Author breaks open steel closets

While marriage-equality wins sweep the nation — minutes before PGN’s interview with author Anne Balay, the U.S. Supreme Court cleared the way for same-sex marriage in nearly a dozen more states — the notion that being LGBT is becoming more accepted is also gaining traction. But, there remain wide swatches of the LGBT community who still routinely face discrimination and harassment.

“There’s a sense in our culture that it’s becoming increasingly easy to be gay,” Balay said. “Marriage legislation is all over TV and especially a lot of young people are coming up thinking, What’s the big deal? But that’s so not their experience.”

The “their” Balay is referring to is the dozens of LGBT steelworkers she interviewed for her new book, “Steel Closets: Voices of Gay, Lesbian and Transgender Steelworkers.” Balay and one of the subjects she interviewed — a trans steelworker from Pennsylvania — will be in town next week for a book-reading event at Blue Big Marble Bookstore.

“Steel Closets” is rooted in Balay’s interest — and experience — in blue-collar communities. The Connecticut native moved to Chicago for college and went on to earn her Ph.D — before switching gears and becoming a car mechanic.

“There aren’t a lot of jobs for English Ph.Ds, and I’ve always been interested in blue-collar work, especially queer people in blue-collar work, so I thought the best way to look into it would be by personally doing it,” she said, noting that she faced much more pushback in her job for being a woman than for being queer. “No one really gave a crap about me being gay, but they did about me being female.”

Balay worked at the car shop for about six years before returning to teaching. After moving to Gary, Ind. — which was founded by a steel company — she said she was prompted to research the conditions for LGBT steelworkers.

“Steelworkers have a really unique life. You’re isolated from your community, the work is really dangerous, and I was curious what it’s like to be gay out there,” she said. “I went to look into it and there was just nothing, no published research of any kind. So based on the weird uniqueness of my own experience, I thought I could possibly get access to people in this community to figure out what life was like for them.”

She was able to attain that access by establishing trust within LGBT circles.

“At the beginning I went to the local gay bars. I went often and got to be a familiar face and, when people got comfortable, I started talking about what I was looking for, how I wanted to do research,” Balay said. “These people were very hidden so I had to talk to them about the stories and keep everything secret, assure them they couldn’t be discovered. But even though they’re hidden, they also know that their stories are important.”
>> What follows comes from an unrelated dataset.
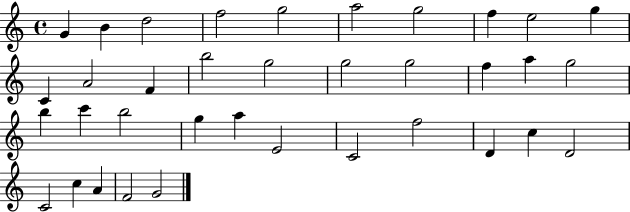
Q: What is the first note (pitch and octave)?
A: G4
Those stories were often hard to hear.

There was one period in which three subjects in a row recounted their rape.

“These are people with hard lives. After the third person talked about their rape, I had to take a break for a bit,” she said. “But one of the coolest things about these people is their ability to describe their experiences but also their ability to go on having meaningful lives. It was so hard for them to describe the rape, but it didn’t break them. They had these experiences and they didn’t let them stop them or immobilize them or shape how they reacted to other people.”

The subject joining Balay in Philadelphia began working at the steel mill about two decades ago, identifying as a butch lesbian, and transitioned on the job.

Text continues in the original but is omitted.